DATA SUPPLIED ::
....................

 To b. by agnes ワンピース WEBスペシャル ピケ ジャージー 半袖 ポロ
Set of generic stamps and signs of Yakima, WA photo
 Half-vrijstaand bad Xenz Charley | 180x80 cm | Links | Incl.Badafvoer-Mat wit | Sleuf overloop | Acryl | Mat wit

....................

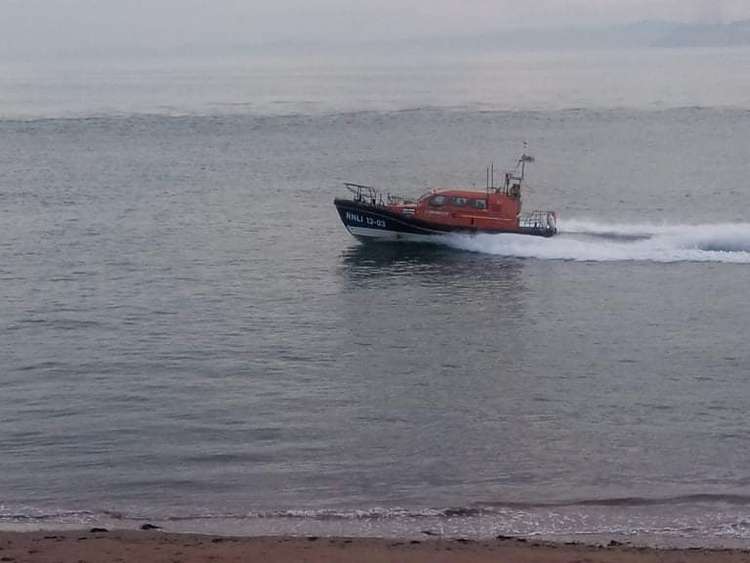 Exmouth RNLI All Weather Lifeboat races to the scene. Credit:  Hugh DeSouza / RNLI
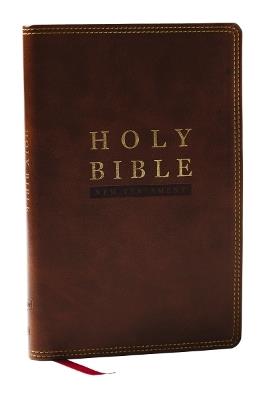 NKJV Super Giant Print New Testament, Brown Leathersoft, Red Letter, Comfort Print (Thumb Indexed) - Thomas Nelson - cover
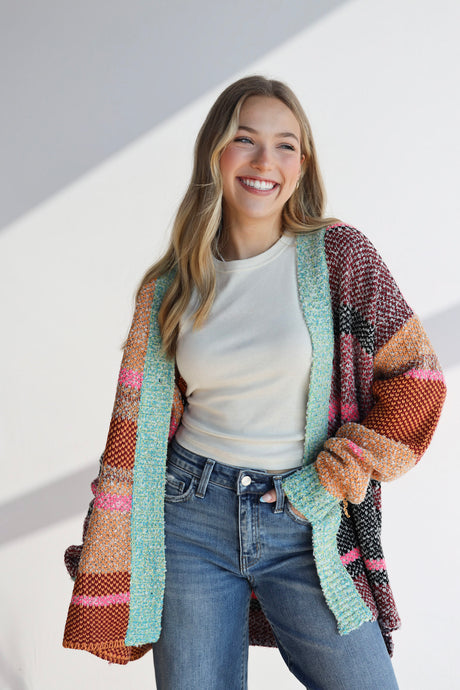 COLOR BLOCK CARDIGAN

....................

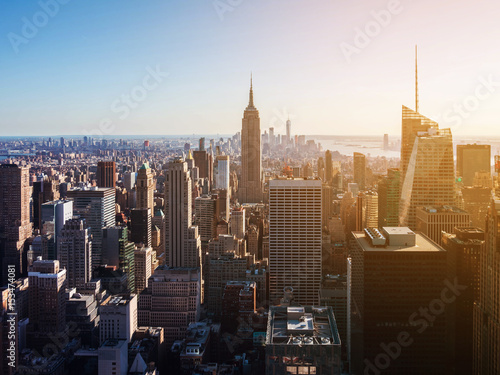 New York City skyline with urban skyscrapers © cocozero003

....................

WHAT TO WORK ON :: Repeat, word for word, the lines of the material above from the one holding "Exmouth RNLI All" through the one holding "COLOR BLOCK CARDIGAN". Leave out pictures.

SOLVED PROBLEM ::
 Exmouth RNLI All Weather Lifeboat races to the scene. Credit:  Hugh DeSouza / RNLI
 NKJV Super Giant Print New Testament, Brown Leathersoft, Red Letter, Comfort Print (Thumb Indexed) - Thomas Nelson - cover
 COLOR BLOCK CARDIGAN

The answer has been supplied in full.